Gideon the Ninth cover art by Tommy Arnold; The Young Pope screenshot: HBO
detail from the Gideon the Ninth cover art and a screenshot of Jude Law in The Young Pope
Gideon the Ninth cover art by Tommy Arnold; The Young Pope screenshot: HBO

Let us assume, for the sake of this essay, that most of the really great things about Catholicism come from queerness. The focus on aesthetics, the dedication to DRAMA, the development of theater, the devotion to art and study, the clothing, all of Michelangelo’s painting and sculpture, the longing, the devotion.

Gideon the Ninth is both extremely queer and extremely Catholic.

[Warning: contains spoilers for Gideon the Ninth.]

The queerness comes through in, well, everything, but especially in Gideon’s willingness to be Dulcinea’s fool, in her love of dad jokes, in her enemies-to-lovers adoration of Harrow. Gideon’s responses to problems are very butch, ranging from “how can use body to fix thing?” all the way to “fix thing with stab?” Queerest of all, this tendency has a resolution as beautiful as it is a tragic. We’ll come back to this when I talk about Catholicism. And I mean, THAT SWORD—Gideon can handle any sword, and learn to use them well despite size or shape, her favorite is a big! Dumb! Broadsword!
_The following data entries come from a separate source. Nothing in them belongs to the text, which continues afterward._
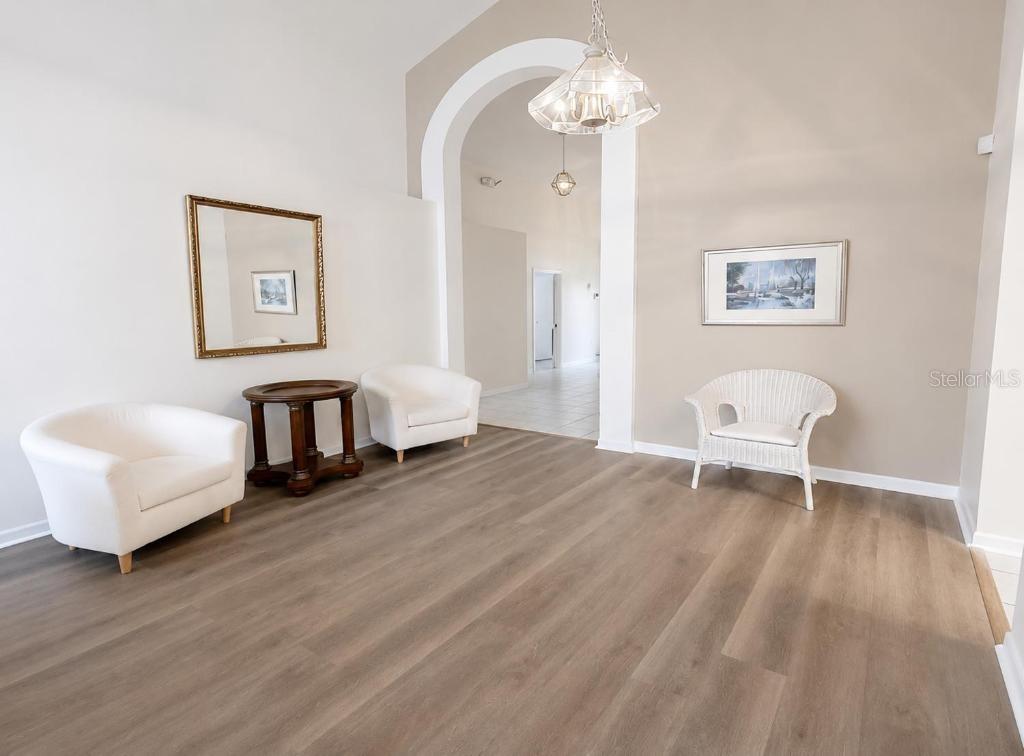 Residential Lease in DAVENPORT 3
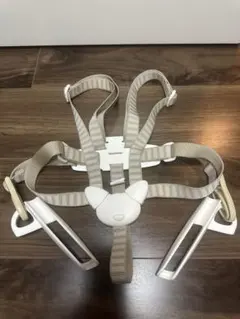 STOKKE ベビーチェア用ハーネス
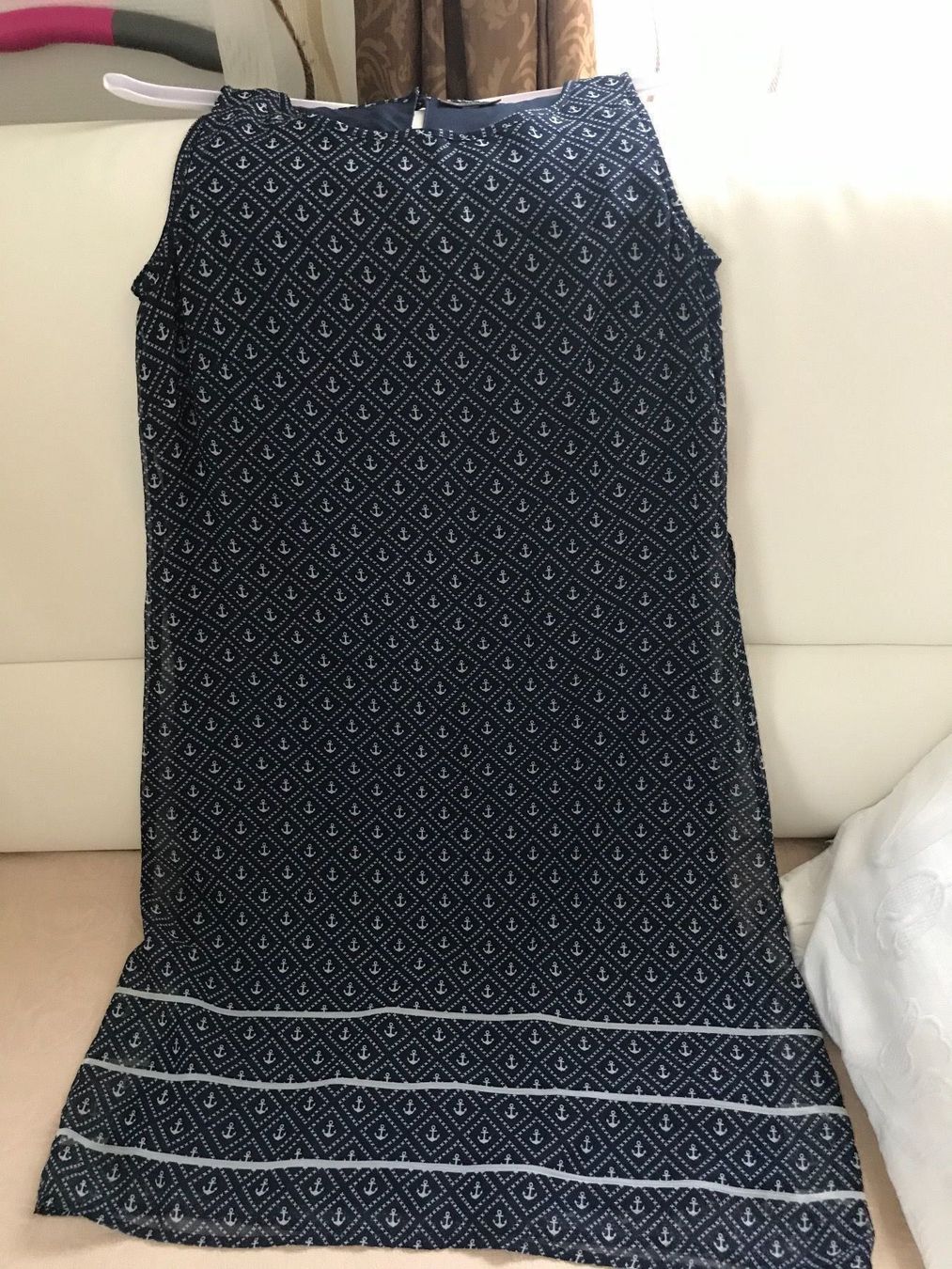 Kleider: Street one Kleid Grösse S – Neu (gemäss Beschreibung) aus Zürich von schneeflocke303 6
But wait, let me give you a definition of queerness real quick, so we’re at least in the same chapter, if not on the same page. Queer used to mean weird as well as, you know, homosexual. Then it was a pejorative, then it was reclaimed, and now some people in the LGBTQ+ community have rejected that reclamation because they think the word is too hurtful. I respect that, (and if people ask me to use other terms in their presence I absolutely will) but I also, personally, love “queer”. I love saying it, I love being it, because it’s nebulous—it isn’t about anything as basic as who you’re attracted to, it’s more of a way of looking at life and the world. I knew I was queer long before I ever hit puberty, which, when it hit, felt like I was watching the other kids close door after door, until they were boxed into one tiny room. (Looking back, I realize this isn’t fair of me at all—each of those kids was going through their own shit that I knew nothing about. But what I remember is the sheer terror of knowing I was supposed to be following their lead, and refusing.) As an example? Think of how, in Phillip Pullman’s His Dark Materials trilogy, the children’s daemons shift and change constantly. According to Pullman this is a mark of youth, and by the time each person reaches maturity their daemon will settle into a single form. But like, why? Why the hell would you want your daemon—a beautiful walking metaphor for your soul—to be trapped in a fixed state? I confess that reading those books for the first time I hoped that the whole daemon-sticking thing would be revealed as just another part of a repressive social structure, and that Lyra’s daemon would stay changeable. Instead Pantalaimon settles because of Lyra’s boyfriend pets his fur? Which is the worst possible scenario, imo? And then Lyra marches off into adult womanhood with a newfound maturity that completely contradicts her entire fucking character. Ahem. But, again:

Why accept a fixed state at all? Why limit yourself? Why close doors when you can leave them wide open? And what is Gideon about, really, if not the opening of locked doors?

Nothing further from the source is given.